Short text fragments from websites
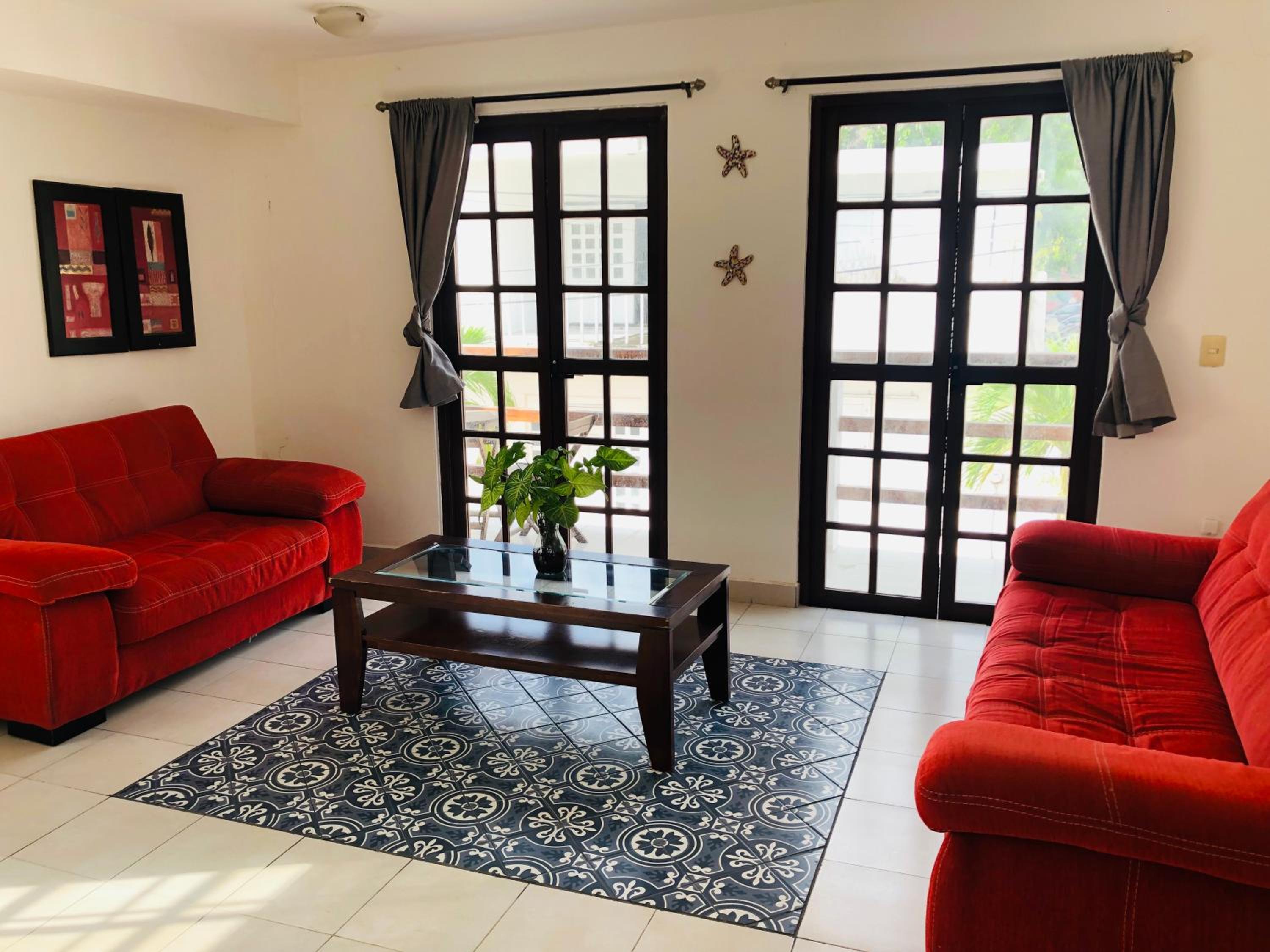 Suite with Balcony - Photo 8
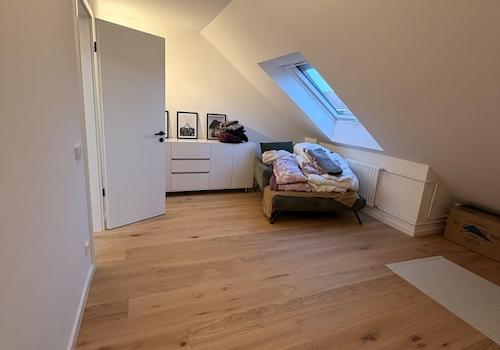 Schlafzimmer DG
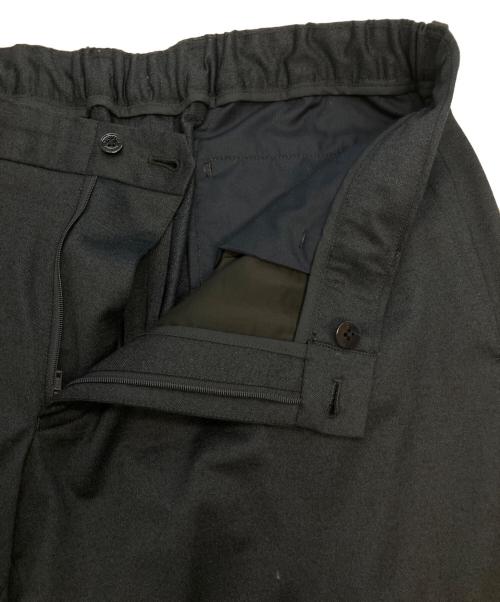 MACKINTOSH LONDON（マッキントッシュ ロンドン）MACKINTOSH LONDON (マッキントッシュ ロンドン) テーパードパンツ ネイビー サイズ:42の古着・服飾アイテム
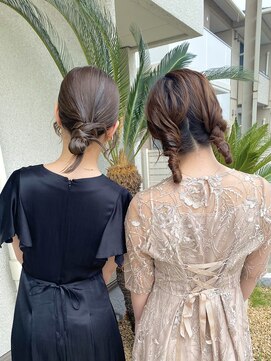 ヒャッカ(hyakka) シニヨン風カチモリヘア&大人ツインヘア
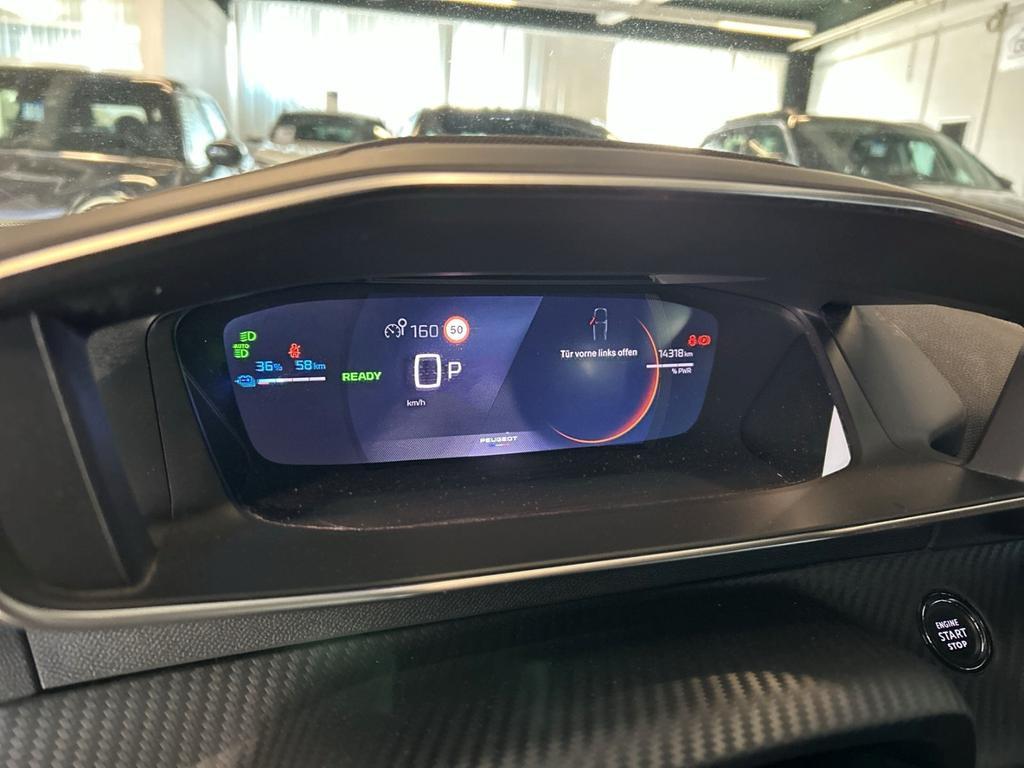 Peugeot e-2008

▶ _Task instructions_: Pictures are to be left out; the records above must be repeated word for word.

▶ _Exercise response_:
 Suite with Balcony - Photo 8
 Schlafzimmer DG
 MACKINTOSH LONDON（マッキントッシュ ロンドン）MACKINTOSH LONDON (マッキントッシュ ロンドン) テーパードパンツ ネイビー サイズ:42の古着・服飾アイテム
 ヒャッカ(hyakka) シニヨン風カチモリヘア&大人ツインヘア
 Peugeot e-2008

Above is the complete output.